Douzième idée: la technique uniformise toutes les civilisations. La vraie mondialisation, c’est elle. Importée d’Occident, la technique gagne le tiers-monde et « dissocie les formes sociologiques, détruit les cadres moraux, fait exploser les tabous sociaux ou religieux, désacralise les hommes et les choses, réduit le corps social à la collection d’individus ». Apportant avec elle un style de vie, un ensemble de symboles, une idéologie, bref, une civilisation, elle détruit les vieilles civilisations: « Le simple contact entre le pot de fer et le pot de terre, malgré les meilleurs intentions possibles de ce dernier. »

Treizième idée: la technique épuise les ressources naturelles. Vérité que refusent de voir en face les techniciens, et qu’avait énoncée Bernard Charbonneau, l’ami d’Ellul, lequel la rappela maintes fois par la suite: « On ne peut poursuivre un développement infini dans un monde fini. » Dès 1954, dans La Technique…, Ellul met en garde: « Les techniques épuisant au fur et à mesure de leur développement les richesses naturelles, il est indispensable de combler ce vide par un progrès technique plus rapide: seules des inventions toujours plus nombreuses et automatiquement accrues pourront compenser les dépenses inouïes, les disparitions irrémédiables de matières premières (bois, charbon, pétrole…et même l’eau). » Ellul ne rêve guère à l’âge d’or et à la nature originelle: « Il n’y a pas d’harmonie dans la nature. » Il ne partage pas non plus ce rêve technicien de l’homme colonisant l’espace et s’installant sur d’autres planètes: « Toute colonisation entraîne un double désastre, celui du colonisé, celui du colonisateur. » Après avoir épuisé la Terre, l’homme doit-il en faire autant sur d’autres planètes? Peu lui chaut ce programme… « Revenez donc sur Terre et travaillez donc à rendre cette Terre humaine, vivable, harmonieuse.

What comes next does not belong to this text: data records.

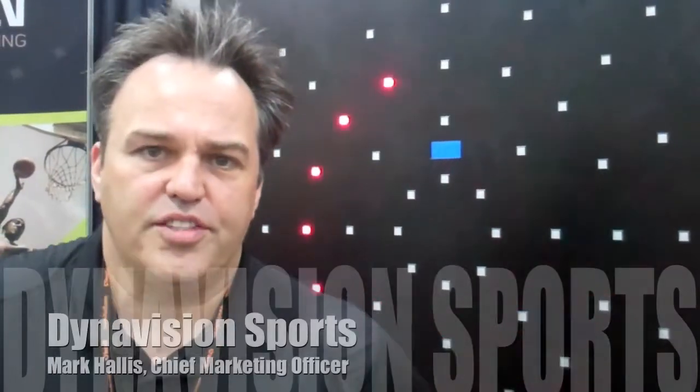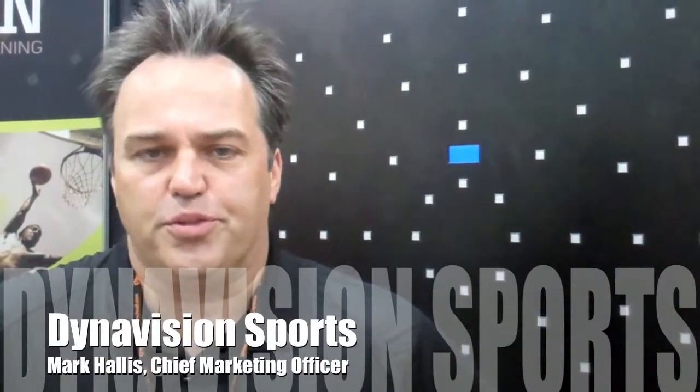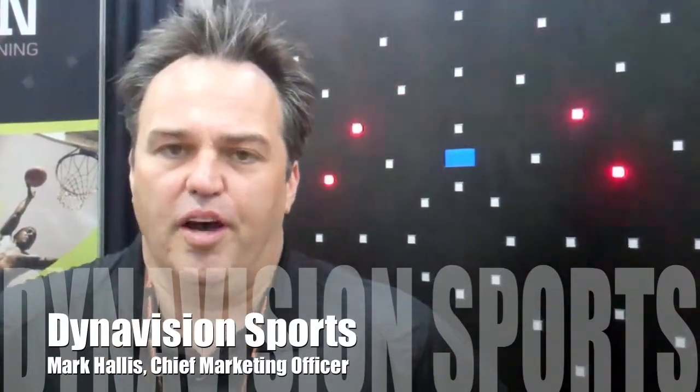My name is Mark Halas, I'm the Chief Marketing Officer for DynaVision Sports. Behind me we've got our D2 visual motor device that's used for training athletes for improving visual acuity, cognitive processing, and motor reaction time.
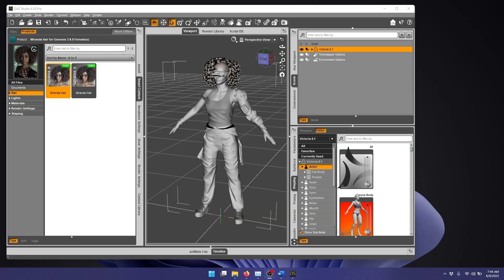Hi, this is another tutorial on how to use the Daz to Blender Bridge, and this time we'll try some of the more advanced options, morphs and subdivisions.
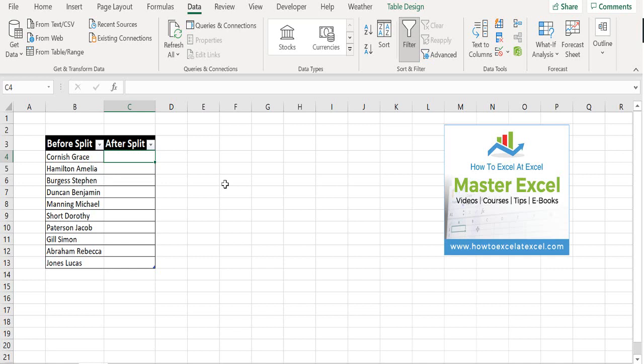So if you've got any version of Excel from 2013 up to 2019, 365, you'll have the Flash Fill feature.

Car telle est notre seule issue. La Terre est notre seul lieu. Retrouvez la joie de la Terre. Au lieu de la haïr à cause de ses catastrophes, et de la détruire par l’exploitation insensée de l’agro-industrie, des ressources minières et des hydrocarbures, au lieu du gaspillage délirant de ces richesses lentement accumulées pendant des millions d’années et que nous épuiserons en quelques décennies, regardez cette patrie, ce jardin, ce lieu fait pour l’homme, à sa mesure, et non pour sa démesure .» Notre tâche est simple: cultiver et garder ce jardin. Mais nous sommes en train de le dépecer. Après le pétrole, le gaz de schiste, et ainsi de suite…

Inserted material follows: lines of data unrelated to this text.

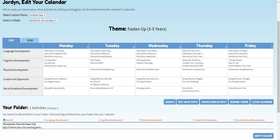In other videos, we'll show you more ways you can customize your calendar. As always, if you have any questions, please don't hesitate to contact us. All of our contact information is at the bottom of every Funshine Express page. Have a great day! Bye!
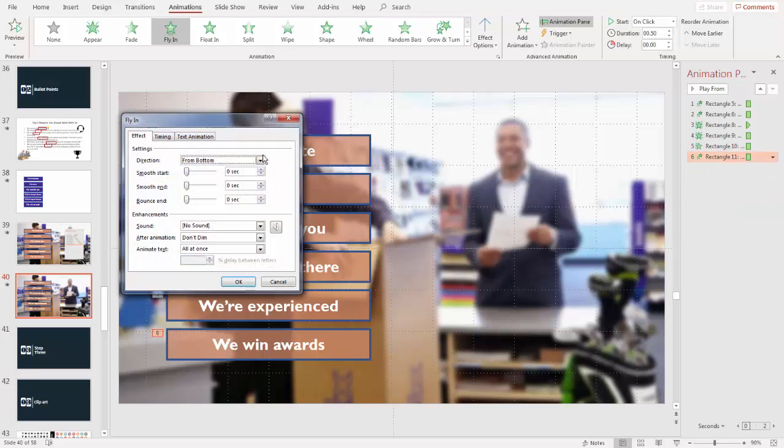So the build slide would go: we at FedEx are here to serve the customer and we do it in the following ways — first we innovate, second we care and we show our caring, third we always include you — notice that was a different animation — in addition we are always there for you — that was the fade — we are experienced, we are the first to have done this, and we win awards — another fly in. That's how you do a build slide. I'm hitting the arrow key to have those things come in as I want them to.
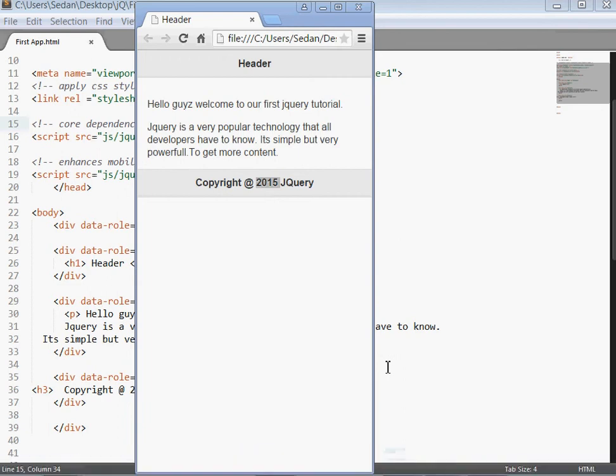Hello ladies and gentlemen, welcome again to today's edition of programming wizard. Remember in the first tutorial we looked at how to set up jQuery offline and how to create your first application. Basically what we created is here.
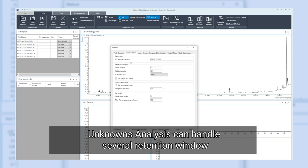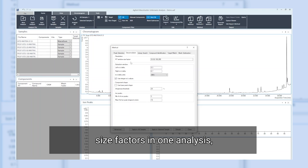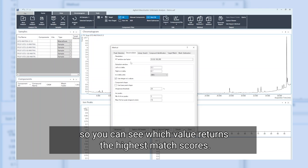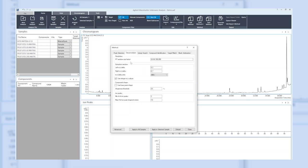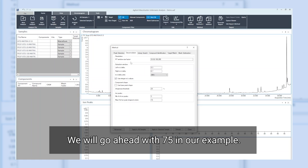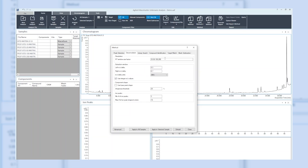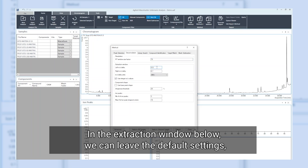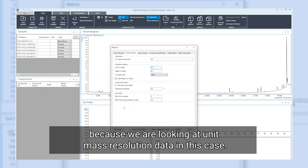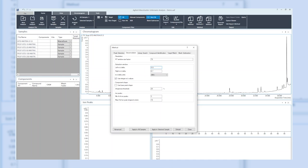Unknowns analysis can handle several retention window size factors in one analysis, so you can see which value returns the highest match scores. We will go ahead with 75 in our example. In the extraction window below, we can leave the default settings because we are looking at unit mass resolution data in this case.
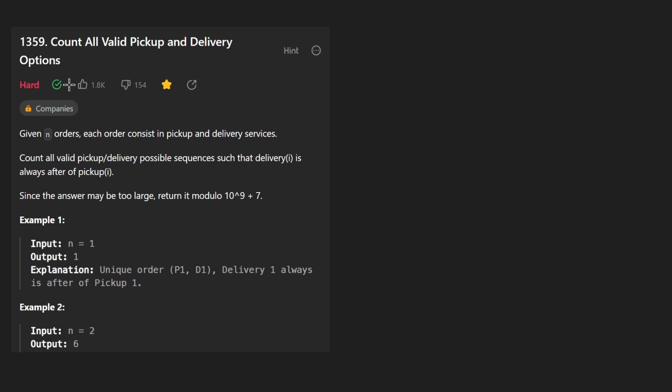Hey everyone, welcome back and let's write some more neat code today. So today let's solve the problem, count all valid pickup and delivery options.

Avant-dernière idée: la technique a avalé la culture. Celle-ci est loin de « l’image ridicule que les technologues s’en font ». Elle n’est pas simple accumulation de connaissances. Elle « n’existe que si elle soulève la question du sens de la vie et de la recherche des valeurs ». Mais aujourd’hui (et encore plus avec Internet) on confond culture et documentation. Etre cultivé, ce n’est pourtant pas avoir la possibilité de pouvoir consommer informations et « produits culturels » à foison. La culture exige de la lenteur, ce qu’interdit justement notre époque technicienne emportée par l’accélération. […] Et l’enseignement lui-même a changé de nature: il ne s’agit plus de l’« imprévisible aventure dans l’édification d’un homme », mais de profiler ce dernier pour qu’il soit utile à la société technicienne.

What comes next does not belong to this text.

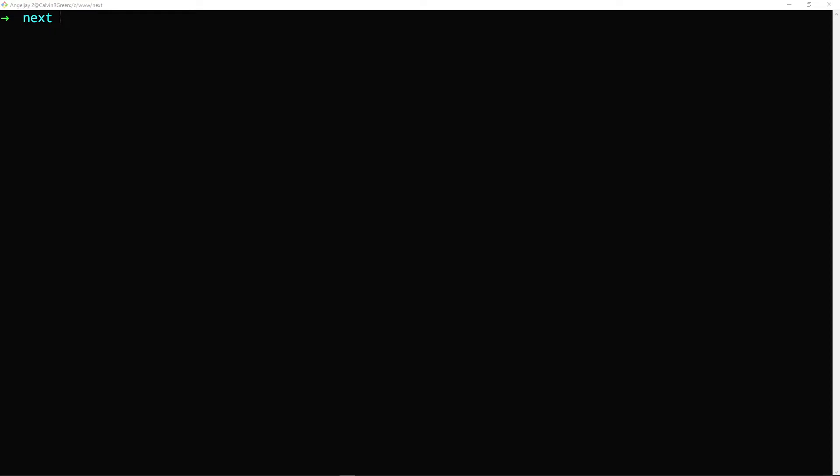But before we do that, just make sure you have Node.js installed. So you can just type in Node-V like this. And as you can see, I'm using version 16.13.1.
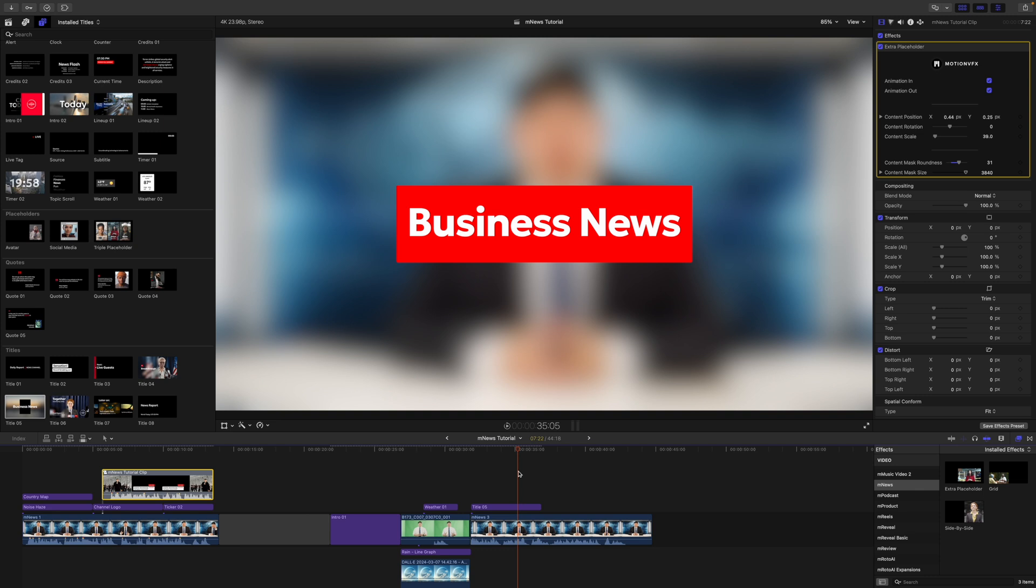Thank you for checking out this quick overview for M news, which is now available on motionvfx.com. Be sure to subscribe and we'll see you on the next one.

Dernière idée: la technique prétend fabriquer un homme supérieur. […] Le principal danger de la technique consiste en ceci, dit Ellul: elle menace la liberté de l’homme. L’homme l’a créée pour se libérer, mais elle sert aujourd’hui à l’asservir. Le « progrès » technique est devenu le progrès de la soumission. Par conséquent, la première chose à faire, c’est de prendre conscience des chaînes qu’il nous impose. Critiquer la technique, c’est exercer sa propre raison. On dit souvent que ceux qui critiquent la technique sont des obscurantistes. Au contraire: ce sont ceux qui croient béatement en la technique, en sa capacité infinie à régler tous les problèmes, qui ont une pensée magique. Ellul insiste sur le fait que la technique est avant tout recherche de puissance, et préconise la recherche de non-puissance: la liberté de l’homme consiste à savoir se fixer des limites, et sa sagesse à comprendre que « l’amitié est l’attaque la plus radicale qui puisse être portée contre la technique ».